Ricky Swallow, Reversed Pitcher 1, 2013. Patinated bronze, 10 × 6 × 7 1/2 in. (25.4 × 15.2 × 19.1 cm), unique. Collection of the artist. Photograph by Fredrik Nilsen
Ricky Swallow, Stair with Contents, 2013. Patinated bronze. Edition no. 1/1 + 1 AP, 22 × 35 × 22 in. (55.9 × 88.9 × 55.9 cm). Collection of the artist; courtesy Modern Art, London, and Darren Knight Gallery, Sydney
NARRTOR: Ricky Swallow makes cast bronze sculptures—a form that goes back to ancient times. But Swallow plays with the tradition, using readymade cardboard forms to cast the material. Ricky Swallow.
RICKYSWALLOW: Some of the cardboard forms, particularly the cardboard packing tubes, they come in different scales and they, again, they’re cut and combined. But certain scales of the tubes suggest certain domestic forms like a lamp or a pitcher or a cup, and I’ve utilized them in that way. But often, there’s other times where I’m trying to use the material in a way that’s maybe against what it’s suggesting or against the form that it wants to be initially. So some of the tubes are cut up to produce these kind of fan forms or curtain forms that are darted, sort of sections.

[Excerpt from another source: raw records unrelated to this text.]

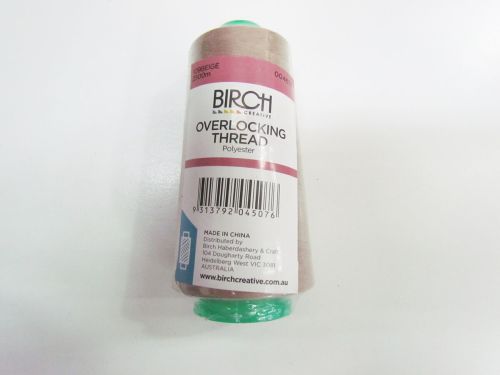 Great value 2500m Polyester Overlocking Thread- 109 Beige available to order online New Zealand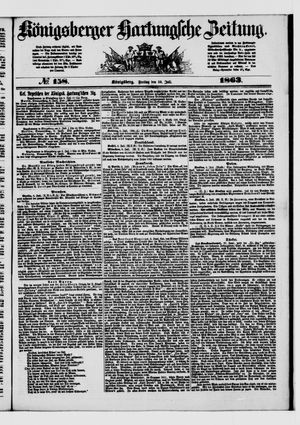 Königsberger Hartungsche Zeitung on Jul 10, 1863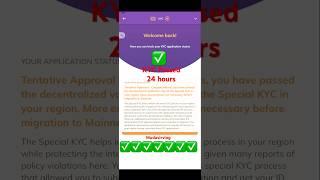 Tentative approval | Pi network | Pi kyc verification | 24-H  #pikycverification #pinetwork #shorts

NARRATOR: Most casts can be used over and over again, and bronze sculptures are often produced in editions. Swallow’s casts are unique—the molten bronze destroys the cardboard even as it takes on aspects of the cardboard’s form.
RICKYSWALLOW: There are ways to make these thing so they truly resemble cardboard. And that’s never my intention—like, it’s to use that material for its, for its texture and kind of everyday quality or its studio logic, if you like. But I’ve never made anything in this way and sort of left it at cardboard. So the preservation of it into bronze and into a more permanent state has always been a kind of objective from the outset.